I’ve seen it a hundred times–at happy hours, weekend parties, and family gatherings.  The conversation goes something like this:

Established professional:
Young professional:
“So, what do you do?” “I work for 3M.”
“What do you do for them?” “I work in Finance.”
“Do you enjoy it?” “Yeah, it’s a good job.”

Because it’s easy to get caught off guard, I understand that responding like this is the path of least resistance.  But a point I try to underscore is that the path of least resistance is crowded with everybody else.  In this example, Billy didn’t see the question as an opportunity.  Though his answers were technically correct, they don’t tell the full story.  In fact, they don’t really tell any of the story.  I still have no idea what Billy does.

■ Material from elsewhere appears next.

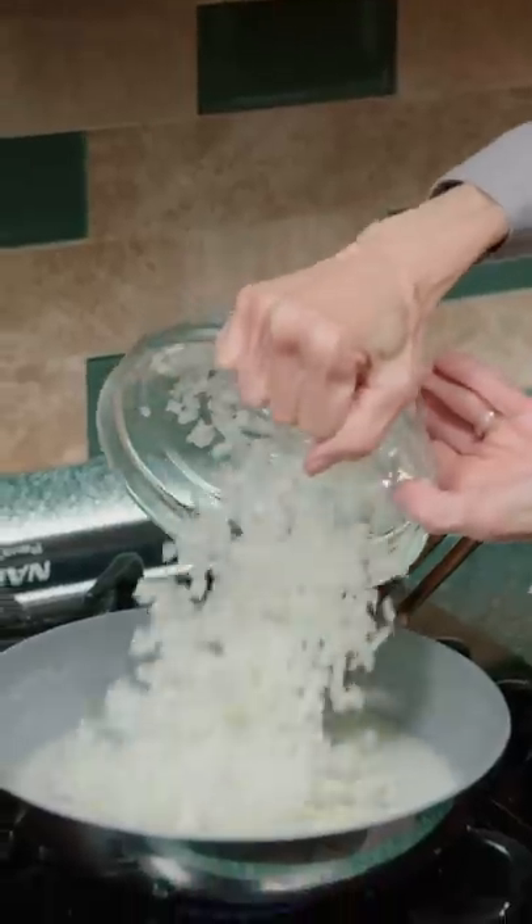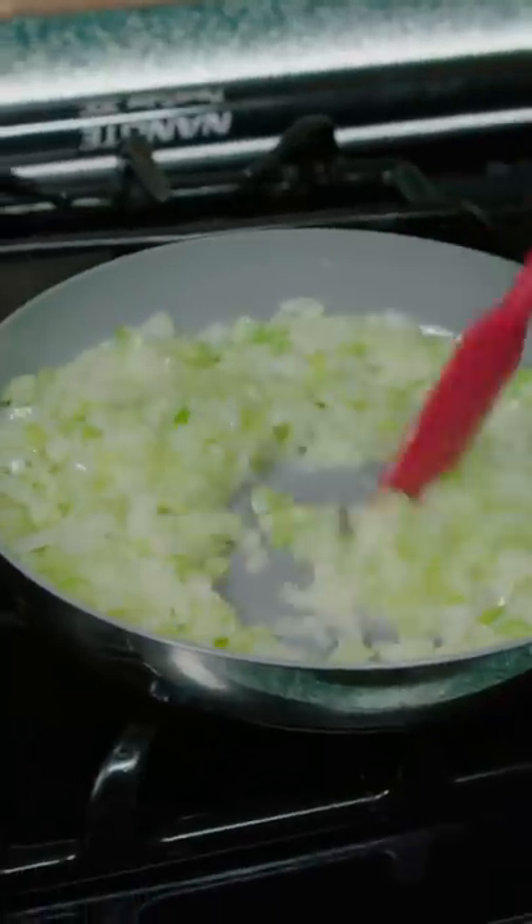Dice one onion and chop up celery. In a frying pan, add butter, onions, and celery, and sauté for five minutes with poultry seasoning.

Billy could have answered the question in a number of different ways, all more interesting, and all brief.  That’s why this is an important skill to learn.  You can answer this in a meaningful and interesting manner if you build a response in advance.  We’ve all worked on our elevator pitch–this is something different.  We don’t always have 30 seconds to outline our position and our background, and we’re often taken off-guard.  Or we’re in a non-business situation where we’re definitely not wearing our professional hat.  So in one sentence, how do you describe what you do?  How do you convey more than your company or position?  Start with practice.

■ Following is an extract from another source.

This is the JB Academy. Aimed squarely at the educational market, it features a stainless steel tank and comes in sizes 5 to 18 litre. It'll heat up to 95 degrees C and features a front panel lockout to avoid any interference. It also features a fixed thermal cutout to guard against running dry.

“I help creative new ideas get the funding they need to become real products that meet consumer needs.”  Why didn’t Billy say that?  Because he has never thought about a simple, one sentence answer to the question.

“I monitor at-risk clients to make sure the financial products they buy are suitable for them.”  That’s much better than “I run reports and send them to my boss.”

“I research consumer trends to help identify untapped market needs that our company could help meet.”

And that’s it.  A well-crafted sentence about what you do speaks volumes about who you are, the pride you take in your work, and your understanding of how you fit into the bigger picture.  I bet it takes the average person only 20 minutes to build their own, and that’s time well spent.